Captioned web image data
▼

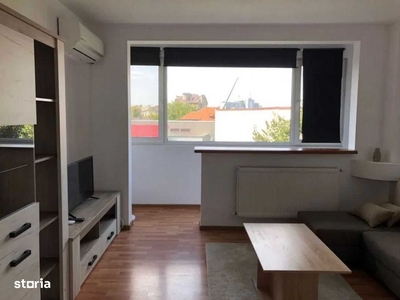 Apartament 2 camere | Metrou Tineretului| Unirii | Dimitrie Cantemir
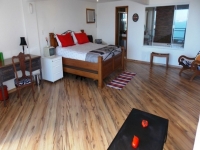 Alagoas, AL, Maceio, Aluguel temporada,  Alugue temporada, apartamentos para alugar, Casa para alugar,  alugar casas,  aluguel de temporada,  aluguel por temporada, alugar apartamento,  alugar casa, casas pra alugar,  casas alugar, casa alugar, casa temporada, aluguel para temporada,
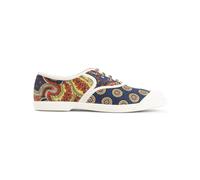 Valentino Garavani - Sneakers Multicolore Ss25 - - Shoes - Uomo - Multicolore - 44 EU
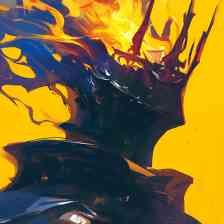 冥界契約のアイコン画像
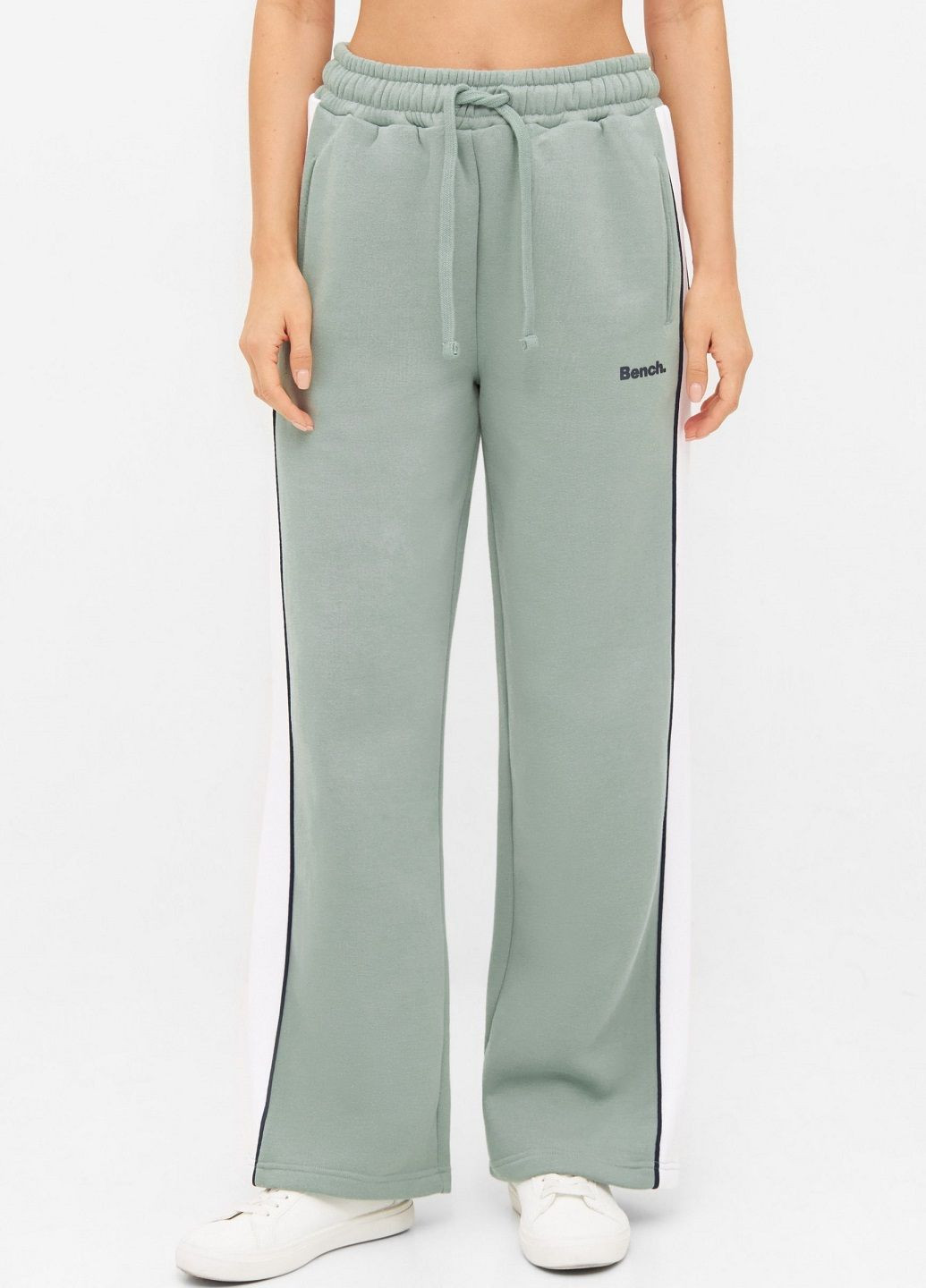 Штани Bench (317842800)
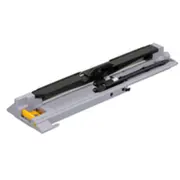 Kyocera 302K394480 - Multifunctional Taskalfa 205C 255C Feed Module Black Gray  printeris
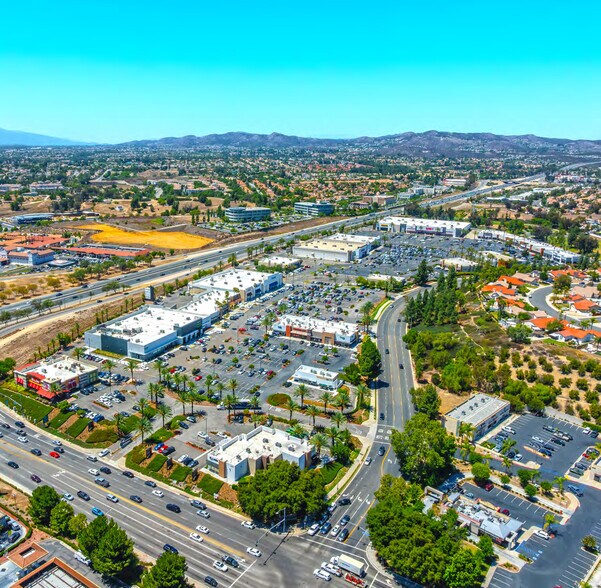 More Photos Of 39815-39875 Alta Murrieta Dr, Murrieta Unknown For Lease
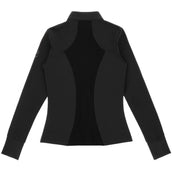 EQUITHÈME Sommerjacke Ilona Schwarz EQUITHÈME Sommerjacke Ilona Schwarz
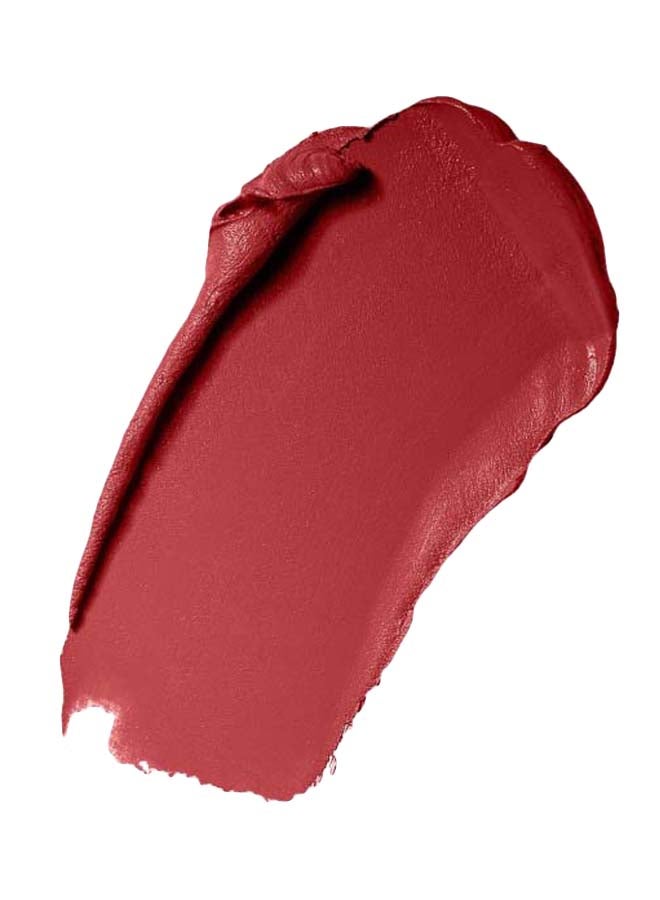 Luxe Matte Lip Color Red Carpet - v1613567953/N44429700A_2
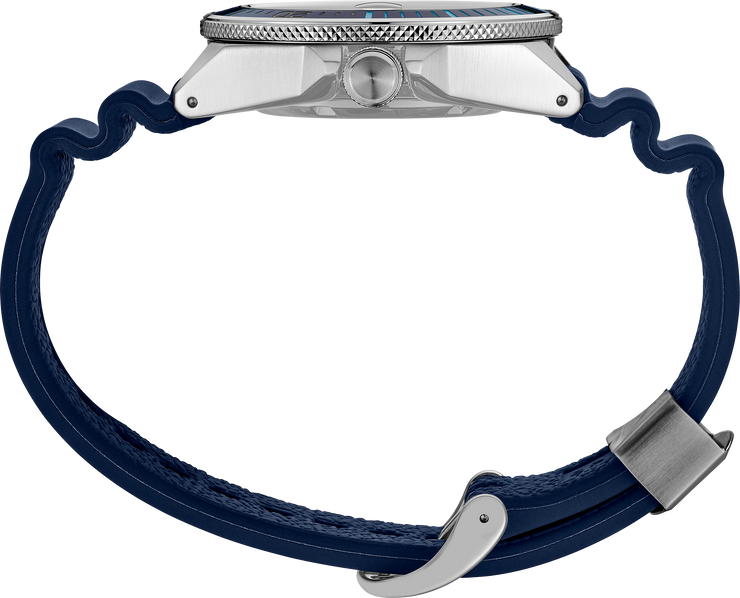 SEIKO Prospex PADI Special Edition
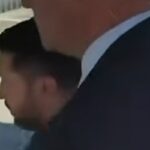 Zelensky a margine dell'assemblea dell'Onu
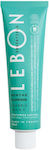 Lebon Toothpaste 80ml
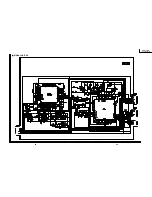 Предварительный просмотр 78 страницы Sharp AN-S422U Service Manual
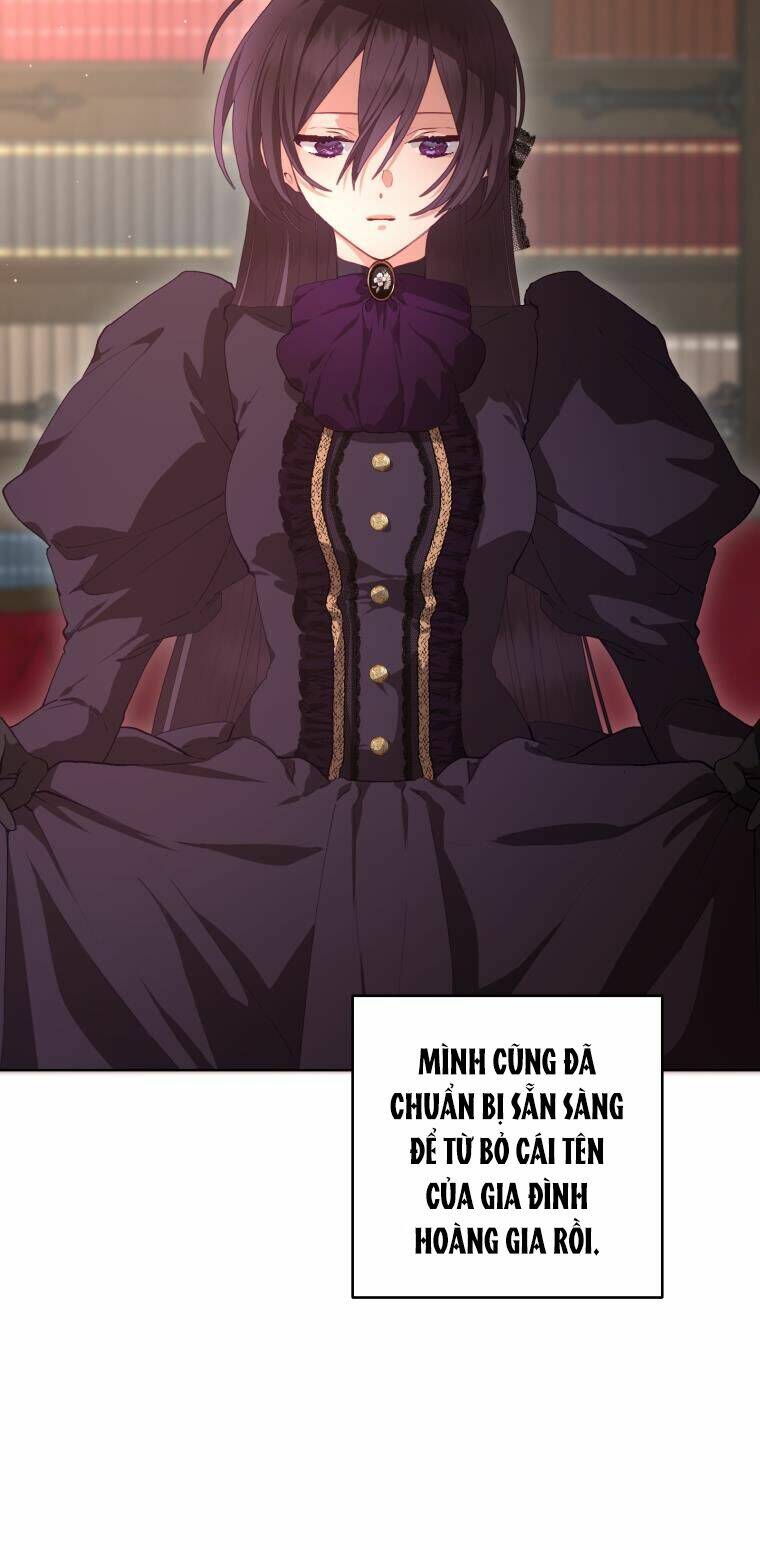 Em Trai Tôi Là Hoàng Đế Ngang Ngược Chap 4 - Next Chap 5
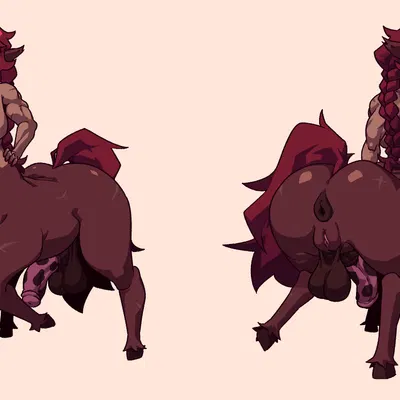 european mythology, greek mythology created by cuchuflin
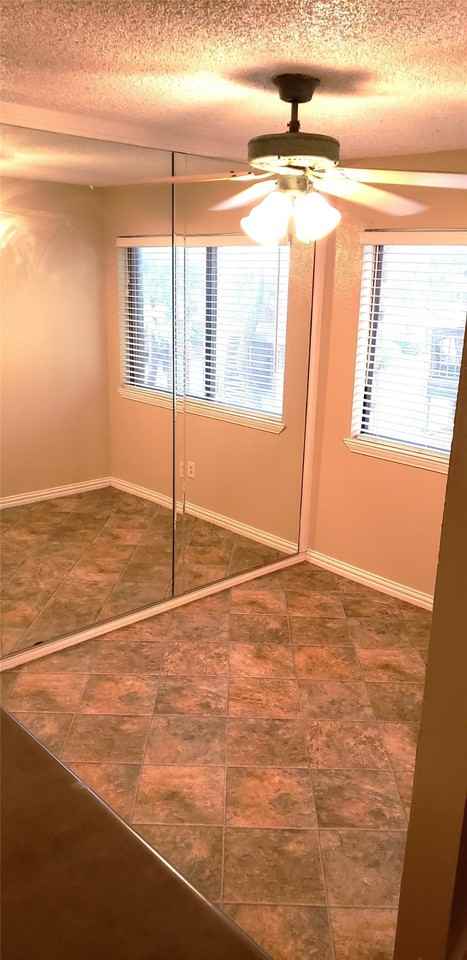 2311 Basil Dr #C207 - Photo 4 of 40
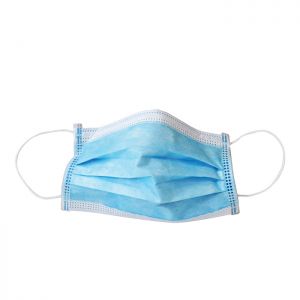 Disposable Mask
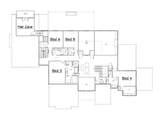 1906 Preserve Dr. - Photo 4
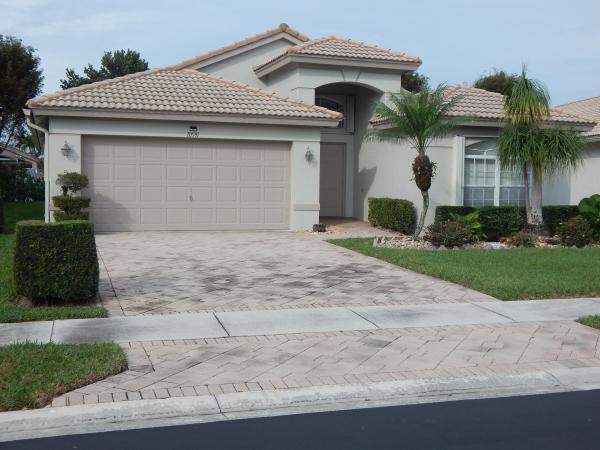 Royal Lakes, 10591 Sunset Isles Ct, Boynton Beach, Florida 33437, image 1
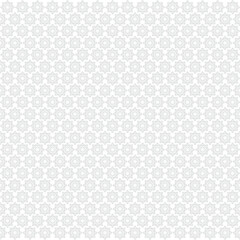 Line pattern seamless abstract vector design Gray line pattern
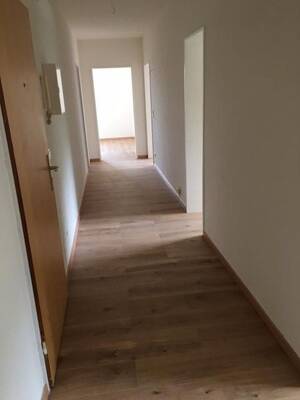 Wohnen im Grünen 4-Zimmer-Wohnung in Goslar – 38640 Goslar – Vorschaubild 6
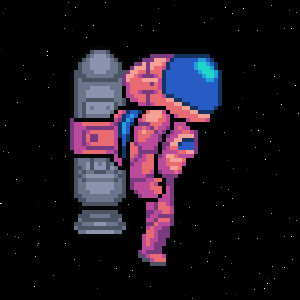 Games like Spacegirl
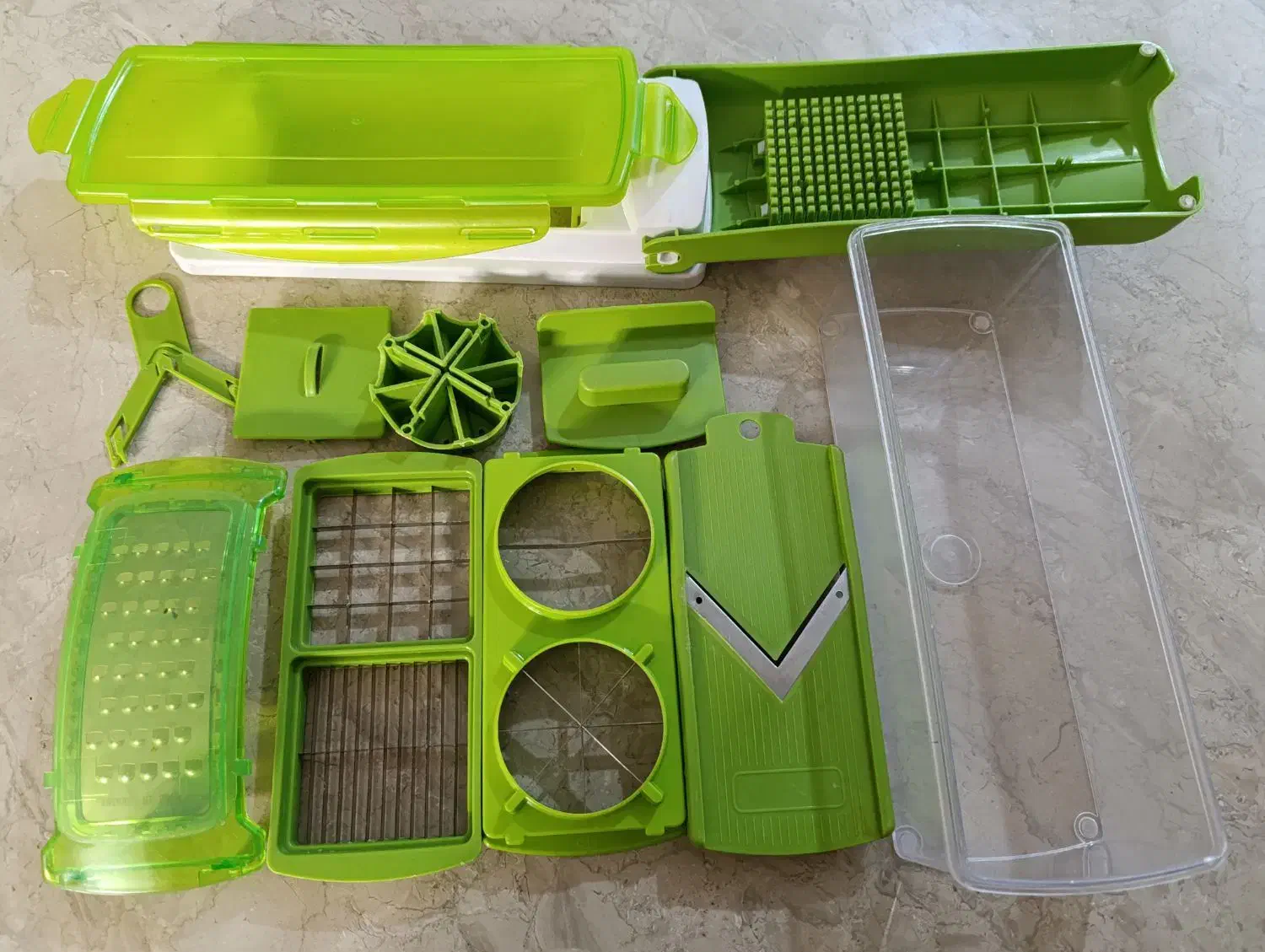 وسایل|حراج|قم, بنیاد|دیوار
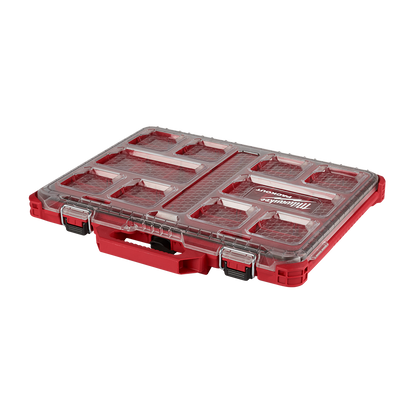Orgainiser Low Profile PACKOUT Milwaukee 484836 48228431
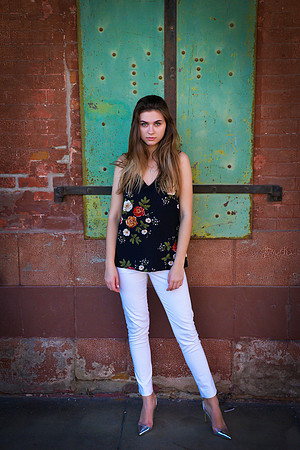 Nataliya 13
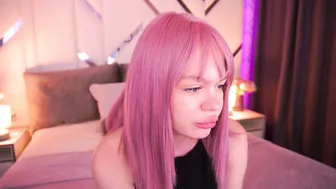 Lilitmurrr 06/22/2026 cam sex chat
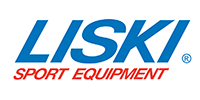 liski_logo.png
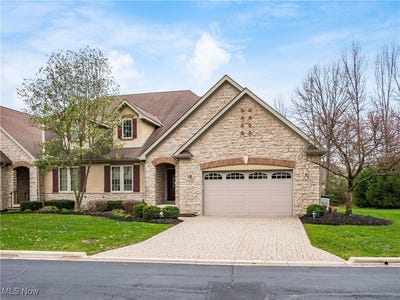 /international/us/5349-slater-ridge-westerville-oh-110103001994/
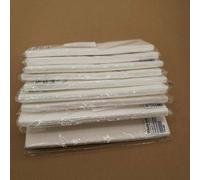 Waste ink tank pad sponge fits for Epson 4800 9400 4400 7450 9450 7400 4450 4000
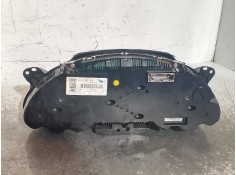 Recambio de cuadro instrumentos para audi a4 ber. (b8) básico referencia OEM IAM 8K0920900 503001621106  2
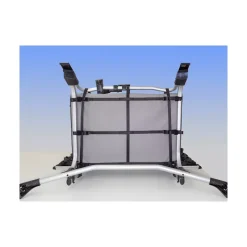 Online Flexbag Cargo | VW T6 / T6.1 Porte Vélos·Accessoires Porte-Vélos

▲

(Aim of the task):
Could you write out exactly the lines of the data above that run from the one holding "Wohnen im Grünen" to the one holding "Waste ink tank", with both ends in and all pictures out?

(Written response):
 Wohnen im Grünen 4-Zimmer-Wohnung in Goslar – 38640 Goslar – Vorschaubild 6
 Games like Spacegirl
 وسایل|حراج|قم, بنیاد|دیوار
Orgainiser Low Profile PACKOUT Milwaukee 484836 48228431
 Nataliya 13
 Lilitmurrr 06/22/2026 cam sex chat
 liski_logo.png
 /international/us/5349-slater-ridge-westerville-oh-110103001994/
 Waste ink tank pad sponge fits for Epson 4800 9400 4400 7450 9450 7400 4450 4000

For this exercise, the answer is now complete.